Copy out exactly the lines beginning with the one that contains "2015 Honda Accord" and ending at the last line of the listing, skipping any pictures.

------------------------

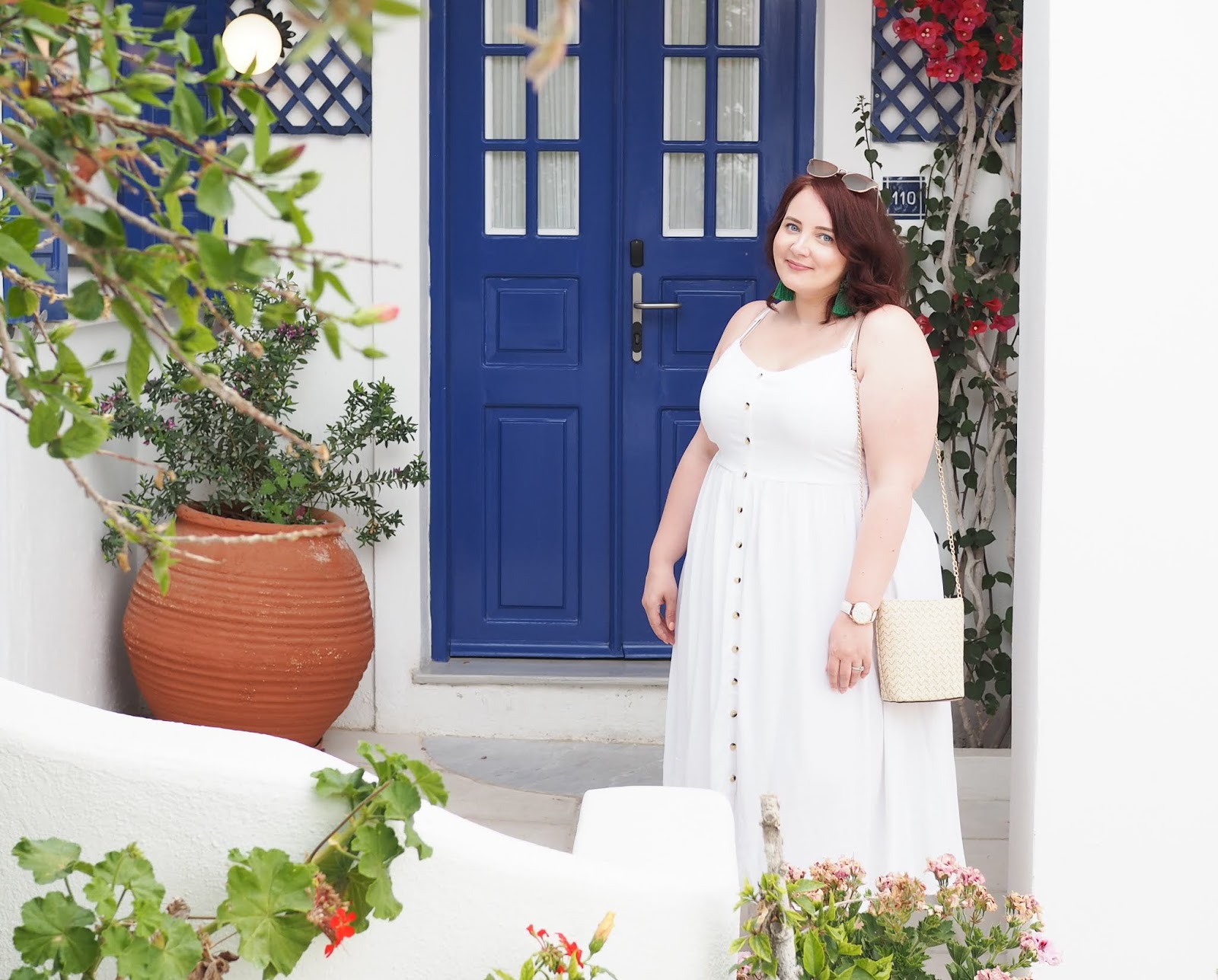 Why Everyone Needs A Simple White Summer Dress In Their Wardrobe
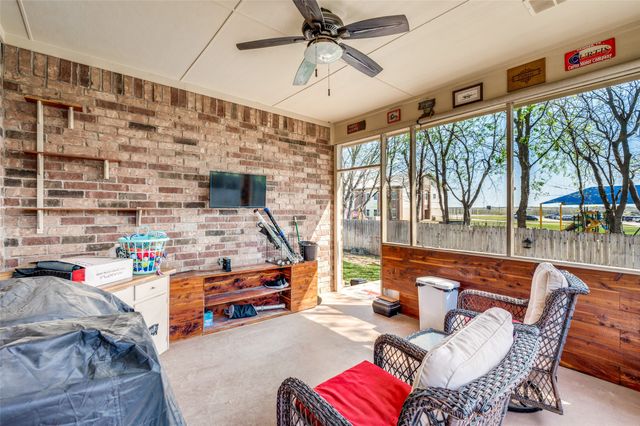 9 S Highland Drive, Sanger, TX 76266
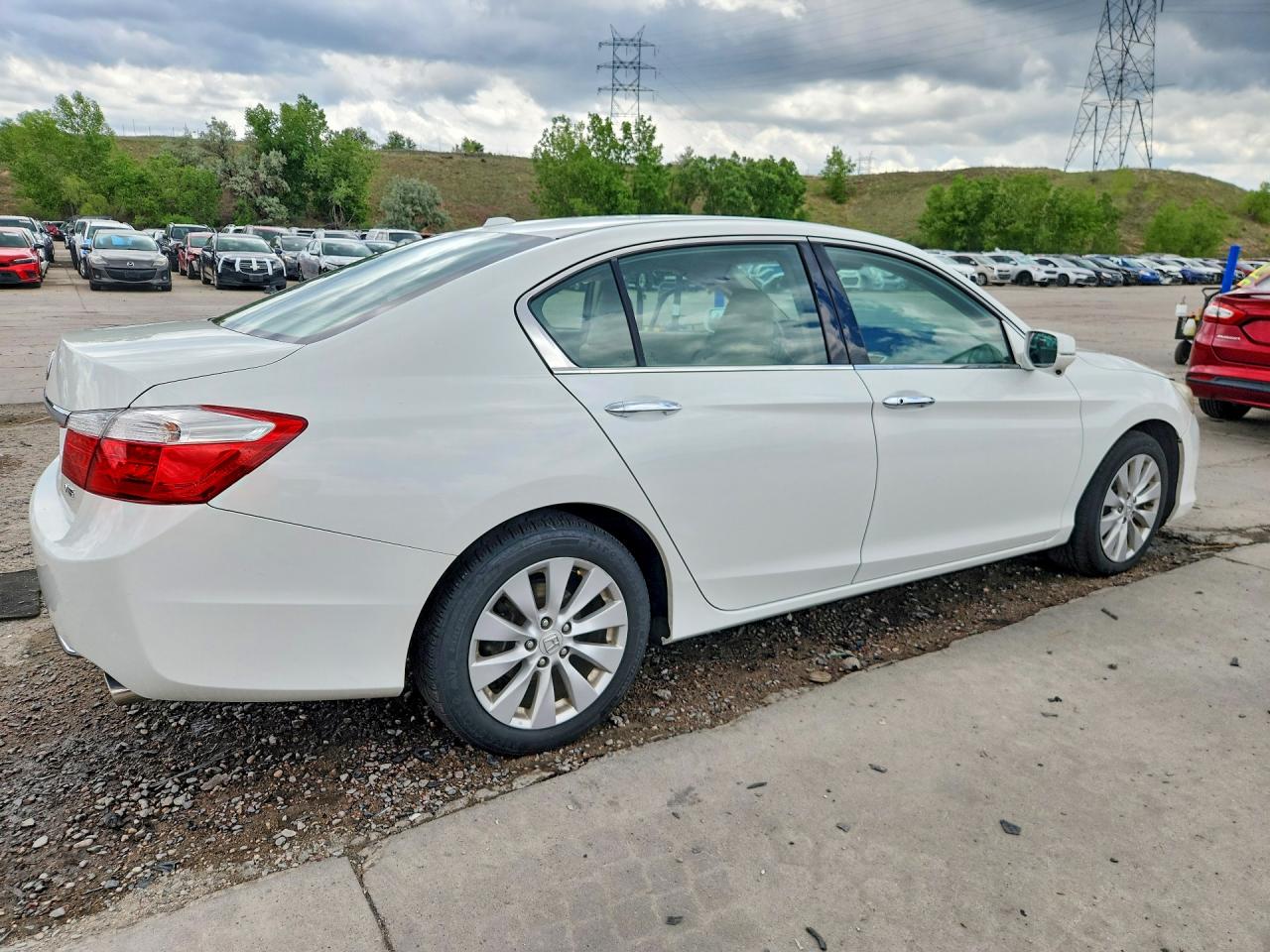 2015 Honda Accord Exl White vin: 1HGCR3F84FA017793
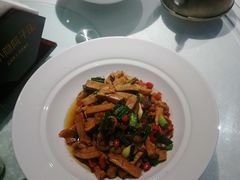 -小隐院子·庭院餐厅(大学城后湖店)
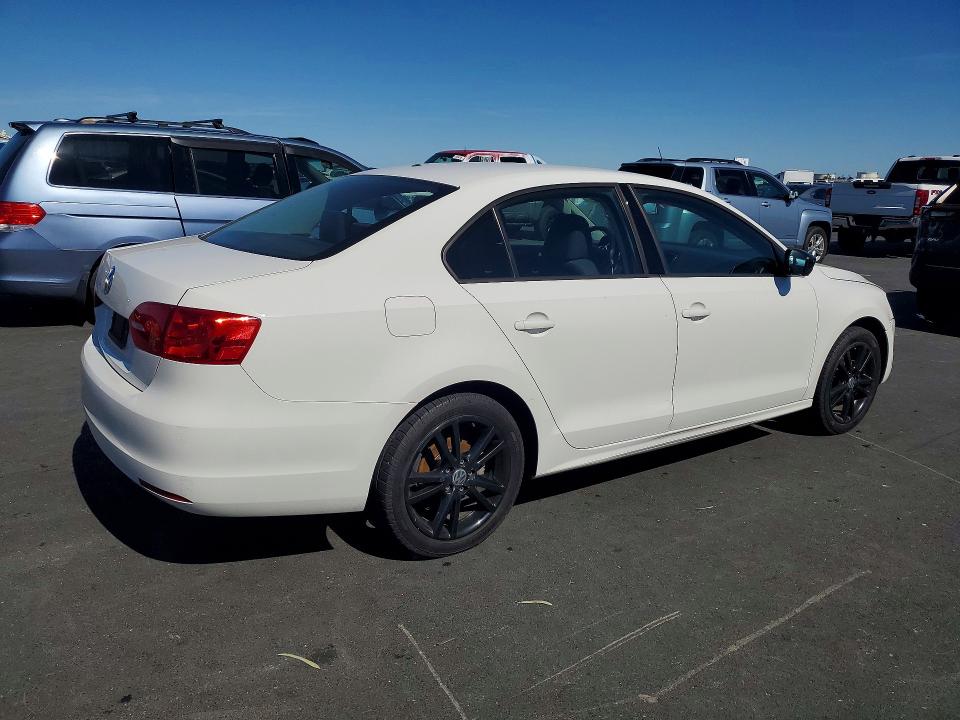 2014 Volkswagen Jetta მანქანა იყიდება აუქციონზე, vin: 3VW1K7AJ0EM372101, აუქციონის ნომერი: 79957795
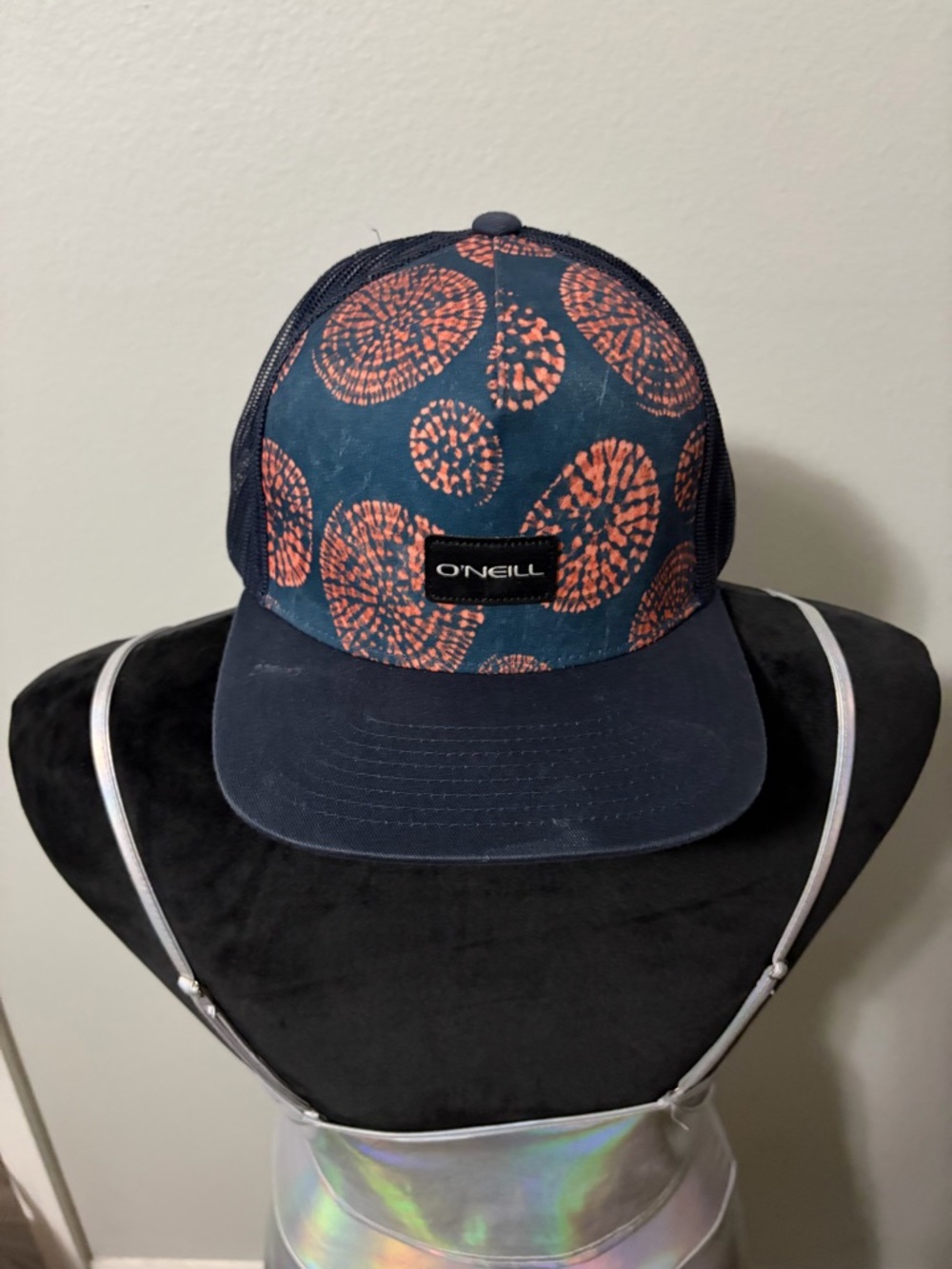 O'Neill Navy Cap with Coral-Print Front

------------------------

#### Solution to the exercise
 2015 Honda Accord Exl White vin: 1HGCR3F84FA017793
 -小隐院子·庭院餐厅(大学城后湖店)
 2014 Volkswagen Jetta მანქანა იყიდება აუქციონზე, vin: 3VW1K7AJ0EM372101, აუქციონის ნომერი: 79957795
 O'Neill Navy Cap with Coral-Print Front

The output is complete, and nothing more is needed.